You need to show the relevant output from `pciconf -lv` in order for anyone to help you more. Note: relevant output is only the lines which describe the AR9485.


----------



## scottro (Aug 25, 2013)

The quick way: `pciconf -lv |grep -B3 network`

The B is for before, so it prints the three lines above.  This shows me (on a Zenbook UX31E, the earliest one, I think) that it sees the AR9485 card.

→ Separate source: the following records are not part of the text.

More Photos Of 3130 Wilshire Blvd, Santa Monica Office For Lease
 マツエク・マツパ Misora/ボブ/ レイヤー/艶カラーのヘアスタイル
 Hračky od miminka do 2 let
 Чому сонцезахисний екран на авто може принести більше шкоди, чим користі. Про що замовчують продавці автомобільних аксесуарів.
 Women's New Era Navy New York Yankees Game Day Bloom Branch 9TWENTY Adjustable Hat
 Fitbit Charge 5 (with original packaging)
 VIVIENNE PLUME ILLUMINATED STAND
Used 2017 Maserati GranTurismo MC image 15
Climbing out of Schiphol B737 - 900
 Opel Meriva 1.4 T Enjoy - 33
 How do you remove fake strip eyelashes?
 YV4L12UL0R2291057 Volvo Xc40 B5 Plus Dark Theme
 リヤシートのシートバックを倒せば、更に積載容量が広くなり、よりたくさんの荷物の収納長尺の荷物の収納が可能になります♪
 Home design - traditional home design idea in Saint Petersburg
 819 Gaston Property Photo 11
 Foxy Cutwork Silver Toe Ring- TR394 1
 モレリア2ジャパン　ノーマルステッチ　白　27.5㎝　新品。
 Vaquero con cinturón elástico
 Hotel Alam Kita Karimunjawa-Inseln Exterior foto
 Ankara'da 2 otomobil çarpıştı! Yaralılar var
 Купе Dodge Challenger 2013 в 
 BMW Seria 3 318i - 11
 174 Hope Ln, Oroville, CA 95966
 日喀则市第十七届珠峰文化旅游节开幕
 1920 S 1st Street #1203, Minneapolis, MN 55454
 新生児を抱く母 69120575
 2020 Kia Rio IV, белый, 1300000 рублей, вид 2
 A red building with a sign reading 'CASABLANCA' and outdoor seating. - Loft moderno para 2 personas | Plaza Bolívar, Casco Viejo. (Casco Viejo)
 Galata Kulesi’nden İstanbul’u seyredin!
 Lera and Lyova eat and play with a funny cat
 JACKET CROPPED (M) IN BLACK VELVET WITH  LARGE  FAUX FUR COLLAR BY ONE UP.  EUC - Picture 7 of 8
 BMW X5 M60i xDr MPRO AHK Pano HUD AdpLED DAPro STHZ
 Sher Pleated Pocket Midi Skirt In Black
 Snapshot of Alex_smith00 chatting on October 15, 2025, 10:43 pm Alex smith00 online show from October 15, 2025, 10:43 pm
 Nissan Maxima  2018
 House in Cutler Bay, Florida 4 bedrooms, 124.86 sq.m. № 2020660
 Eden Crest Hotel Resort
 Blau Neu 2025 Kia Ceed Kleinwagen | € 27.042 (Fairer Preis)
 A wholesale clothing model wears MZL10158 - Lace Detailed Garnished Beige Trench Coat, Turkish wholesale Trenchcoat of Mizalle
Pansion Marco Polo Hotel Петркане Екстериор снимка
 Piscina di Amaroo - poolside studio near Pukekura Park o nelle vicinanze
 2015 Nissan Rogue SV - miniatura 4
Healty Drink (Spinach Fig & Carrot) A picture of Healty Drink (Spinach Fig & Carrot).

A cursory google indicates that it's not yet in head, though some people have been playing with it.  I don't have the links immediately available, but I did glance at it today.  So, it sees the card, but (just playing around with a live image), wasn't able to use it.  (For anyone who comes across this, the 9.2-RC2 version does work out of the box with the included USB to Ethernet dongle that ships with the UX31E). 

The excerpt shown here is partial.